Everything about the protest was kept secret until the last possible moment, including the location. Moments before the group began, the streets seemed completely empty. Suddenly, out of nowhere, hundreds of people assembled with signs and banners, chanting.
It was a moving scene. The marchers knew what was about to happen but they kept going and held their banners high. Within minutes Zimbabwean riot police had broken up the crowds, swinging their batons at anything that moved or breathed. Women were screaming, police were beating, and suddenly I was caught up in the mob, and beaten myself.
After it was all over they let me go, perhaps wanting to avoid an international incident. Still, I felt helpless. I couldn't go to the police and file a report for fear of being locked in jail, and I couldn't tell the embassy for fear of being thrown out the country. I could do nothing.

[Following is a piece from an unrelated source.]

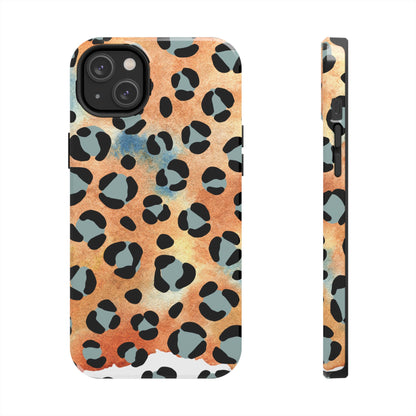 Sunset Watercolor Leopard Print Tough iPhone Case – Artistic Animal Pattern with Dual-Layer Protection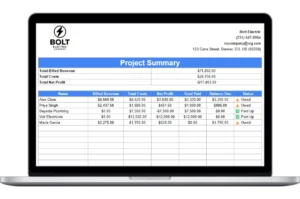 Laptop mockup of the Subcontractor & Crew Cost Split Calculator template by Housecall Pro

Some women were detained for three days, and beaten much worse than I. One woman, Rosey, told me days later that the police had beaten her on her breasts repeatedly in custody. Her breast was completely purple.
"They beat me on the breasts," she said. "Now when I breathe out, I have a stabbing pain in my chest."
She didn't have anyone to turn to, either. Even her doctor's visits had to be kept secret.
"I am not going to give up, I'm going to march," she said.
And they all keep marching. I was amazed when I learned that they had marched the following week in another part of the country.
I find myself asking: "Is it worth it for these courageous women? Does marching in the streets and getting beaten up really make that much of a difference? Will Rosey, who can barely talk because she has been beaten so badly, ever see any justice? Will I ever receive justice? Does anyone outside of Zimbabwe even care? Will someone, listening to this broadcast, be moved to do something that could lead to change in Zimbabwe? Or will one of my interview subjects be tortured by the police for daring to speak to a member of the forbidden press?"
I still don't know the answers. Perhaps history will one day tell the tales of the brave WOZA women from Zimbabwe, who dared to stand up for themselves and their children.
As for me, a forbidden journalist, I have learned some valuable lessons. Wear more clothing as padding when covering violent protests. Don't take expensive equipment to a story where I know it might be confiscated. Always keep the embassy's number in my pocket, just in case, and, most importantly, remember that what happens to my interview subjects could also happen to me. I am not exempt simply for being a journalist.
But I lived to tell the story, which is the most important part. It's a story about a place called Zimbabwe, and a group of women much braver than I could ever wish to be.